# Californian New Zealand cross.



## jas (Sep 8, 2010)

I've had New Zealand's for some time now. Their awesome rabbits, but I have been wanting to cross them with a Californian to see what all the fuss is about. I finally got my hands on a beautiful Californian doe. Shes huge and super sweet! 
I breed her to my New Zealand buck last night. I'm going to keep my fingers crossed that she will produce nice sized litters.

If anyone has any experience with crossing CA and NZ please let me know what you think about it. Are you getting larger kits, litters, are you having any problems? I just looking for "pros" and "cons".


----------



## dbunni (Sep 9, 2010)

Many breeders on both sides do this.  The two breeders work as a team.  Babies born who look like the NZ go into that barn, Cali marked kids go to that barn ... Everybody else is invited to lunch!


----------



## rabbitlady4433 (Sep 9, 2010)

I am kinda in the same boat you are.  Though I just recently started the rabbit gig.  I have a NZW doe and a Cali Buck.  There are just of age to breed, which will be happening this weekend, soooooo excited to see the outcome.  I was wanting to get into the meat variety and this is what a local advised me to get (and much research too).  Hoping for the best for the both of us!


----------



## jas (Sep 9, 2010)

dbunni said:
			
		

> Many breeders on both sides do this.  The two breeders work as a team.  Babies born who look like the NZ go into that barn, Cali marked kids go to that barn ... Everybody else is invited to lunch!

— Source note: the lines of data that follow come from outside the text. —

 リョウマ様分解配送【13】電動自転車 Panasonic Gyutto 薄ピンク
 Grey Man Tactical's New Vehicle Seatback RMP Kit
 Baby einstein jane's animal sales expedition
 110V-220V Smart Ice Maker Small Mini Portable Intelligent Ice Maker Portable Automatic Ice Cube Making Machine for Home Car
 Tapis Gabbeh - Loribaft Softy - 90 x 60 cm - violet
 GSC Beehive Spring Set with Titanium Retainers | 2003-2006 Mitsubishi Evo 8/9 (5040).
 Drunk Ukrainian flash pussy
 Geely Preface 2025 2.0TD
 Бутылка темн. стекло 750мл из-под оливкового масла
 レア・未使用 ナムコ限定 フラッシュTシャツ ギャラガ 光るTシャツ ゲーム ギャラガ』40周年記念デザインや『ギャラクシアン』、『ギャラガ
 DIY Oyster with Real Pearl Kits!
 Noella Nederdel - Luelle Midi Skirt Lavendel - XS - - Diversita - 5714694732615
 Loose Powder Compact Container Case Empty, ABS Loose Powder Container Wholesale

I'm not sure I understand what you mean.


----------



## dbunni (Sep 9, 2010)

Many meat/show people work in teams.  One breeds Calis, one NZs.  They often cross breed to increase a quality in the program they are working on.  Of the offspring, the Calif marked kits go into the Calif program, the NZ go into the NZ program.  The ones that just don't make the grade ... go to dinner.  The Calif and NZ breeds are so similar this is easily possible.  Hope this answers your question/confusion.


----------



## jas (Sep 10, 2010)

Thanks for clearing that up for me.


----------